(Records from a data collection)
---------------

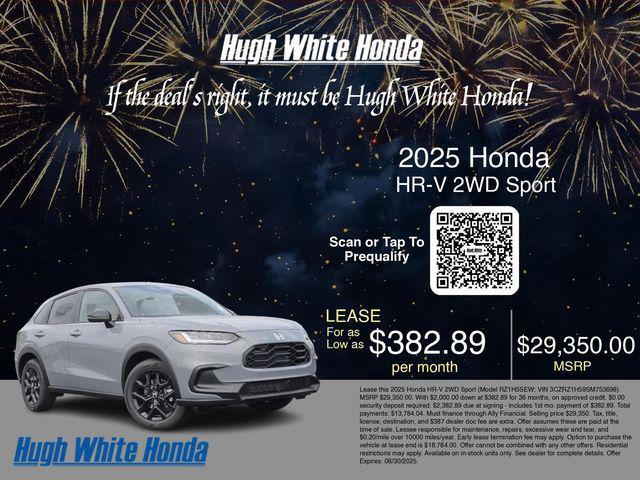 new 2025 Honda HR-V car, priced at $29,350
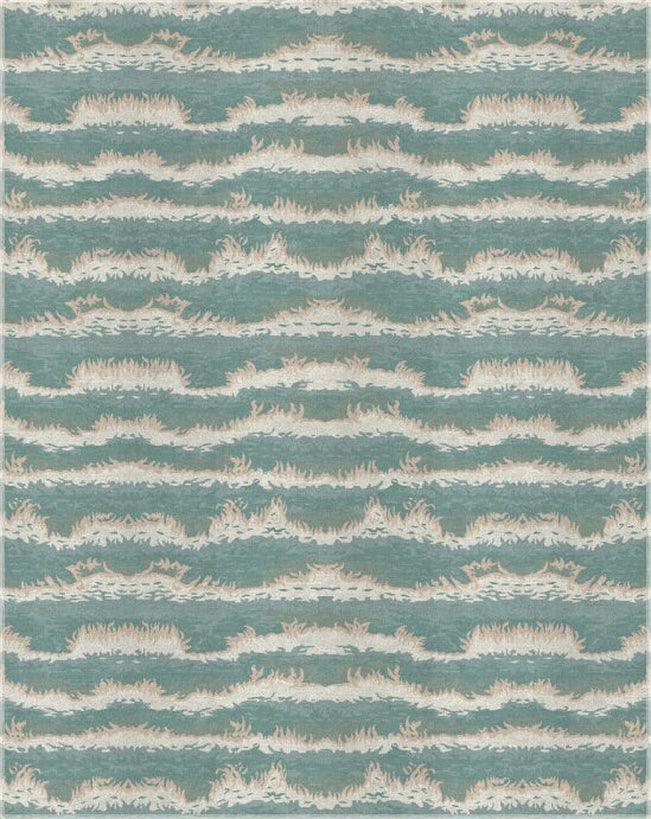 Canvello Modern Hand-Knotted Silk & Wool Area Rug- 2' X 3'3"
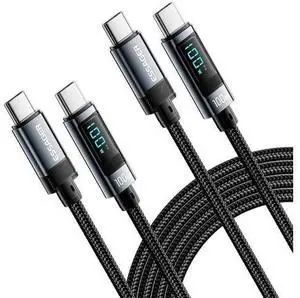 USB C Charger Cable (6ft 100W, 2Pack) Braided Type C Charger Fast Charging for iPhone 15 / 15Pro / 15Plus / 15ProMax MacBook Pro 2020, iPad Pro 2020, iPad Air 4, Galaxy S23+/S23 Ultra USB C Charger Cable (6ft 100W, 2Pack) Braided Type C Charger Fast Charging for iPhone 15 / 15Pro / 15Plus / 15ProMax MacBook Pro 2020, iPad Pro 2020, iPad Air 4, Galaxy S23+/S23 Ultra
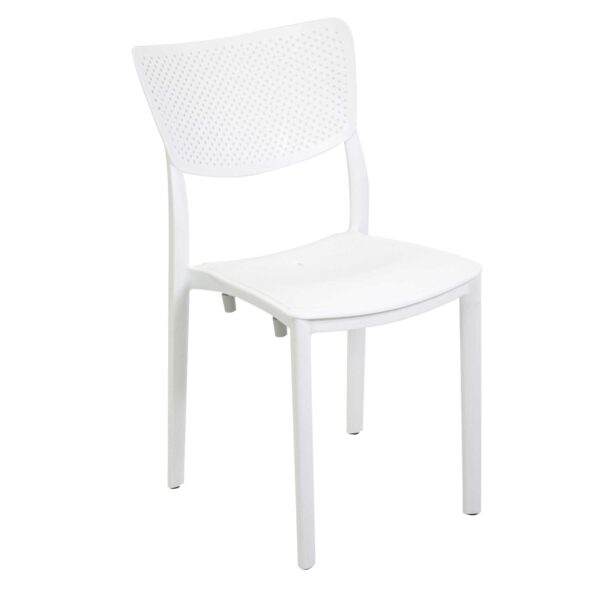 Sedia polipropilene Alezio bianca cm44x53h84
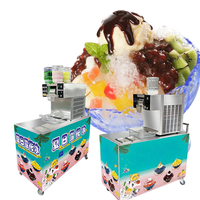 Machine à glace en flocons pour achat en gros, sans électricité, pour la fabrication de glace en flocons et de crème glacée en flocons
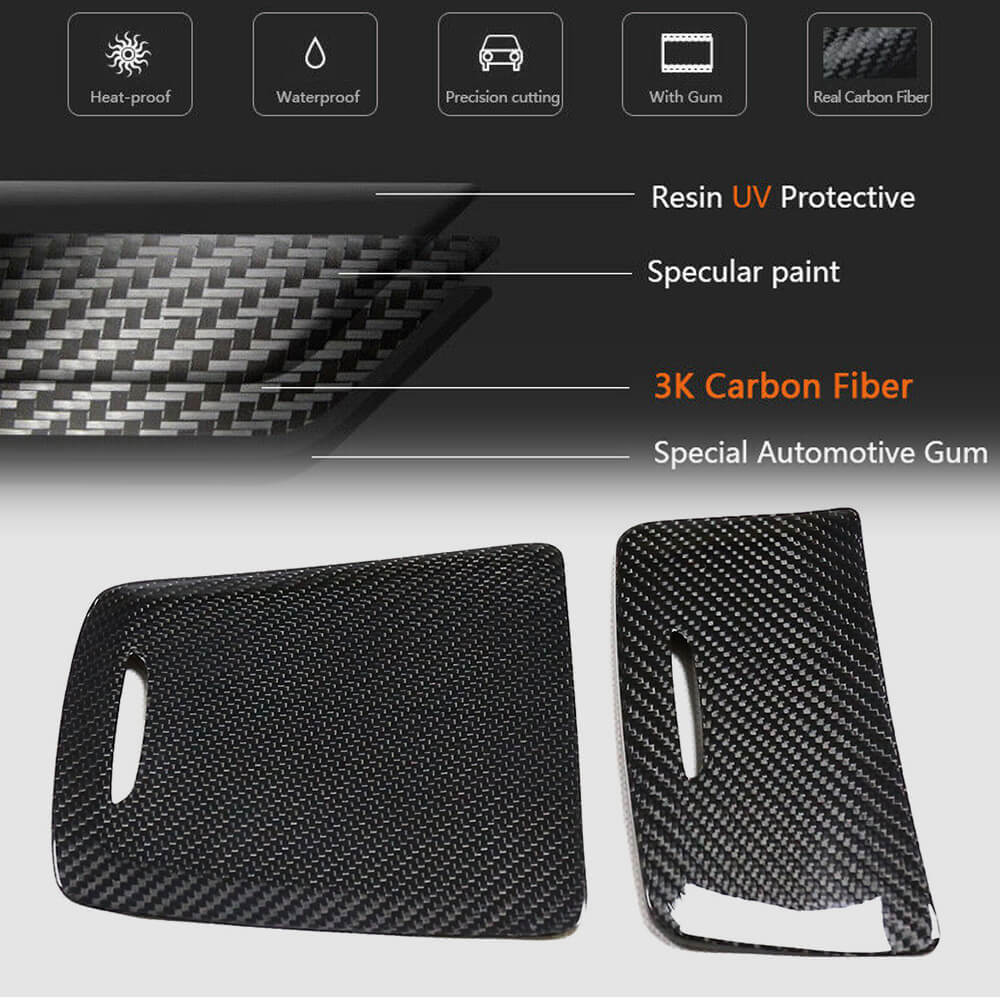 Mercedes Benz A CLA GLA Class W176 W117 C117 X156 Center Console Storage Box Cover Lid Dry Carbon Fiber-Ahacarbon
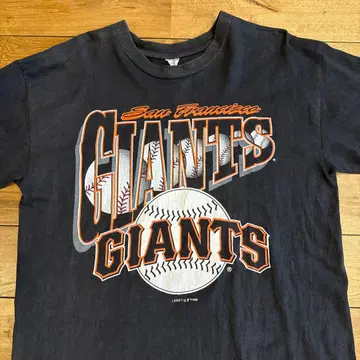 LOGO 7 GIANTS T셔츠 사이즈 L 메이저리그 빅 로고 구제 의류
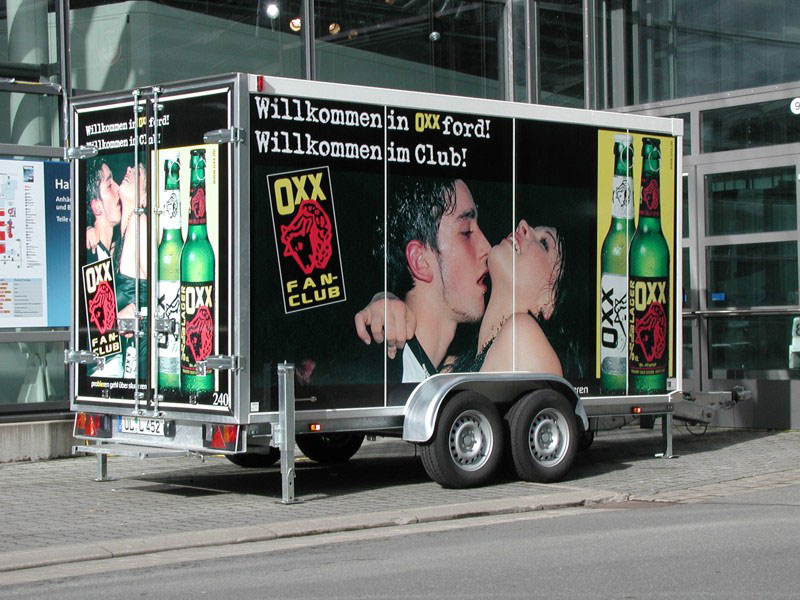 Tandem-Getränke-Kühlanhänger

---------------

Exercise requirements - An exact copy of the lines from the one with "Canvello Modern Hand-Knotted" through the end of the records: produce that and nothing more, leaving out the pictures.

Result -
 Canvello Modern Hand-Knotted Silk & Wool Area Rug- 2' X 3'3"
 USB C Charger Cable (6ft 100W, 2Pack) Braided Type C Charger Fast Charging for iPhone 15 / 15Pro / 15Plus / 15ProMax MacBook Pro 2020, iPad Pro 2020, iPad Air 4, Galaxy S23+/S23 Ultra USB C Charger Cable (6ft 100W, 2Pack) Braided Type C Charger Fast Charging for iPhone 15 / 15Pro / 15Plus / 15ProMax MacBook Pro 2020, iPad Pro 2020, iPad Air 4, Galaxy S23+/S23 Ultra
 Sedia polipropilene Alezio bianca cm44x53h84
 Machine à glace en flocons pour achat en gros, sans électricité, pour la fabrication de glace en flocons et de crème glacée en flocons
 Mercedes Benz A CLA GLA Class W176 W117 C117 X156 Center Console Storage Box Cover Lid Dry Carbon Fiber-Ahacarbon
 LOGO 7 GIANTS T셔츠 사이즈 L 메이저리그 빅 로고 구제 의류
 Tandem-Getränke-Kühlanhänger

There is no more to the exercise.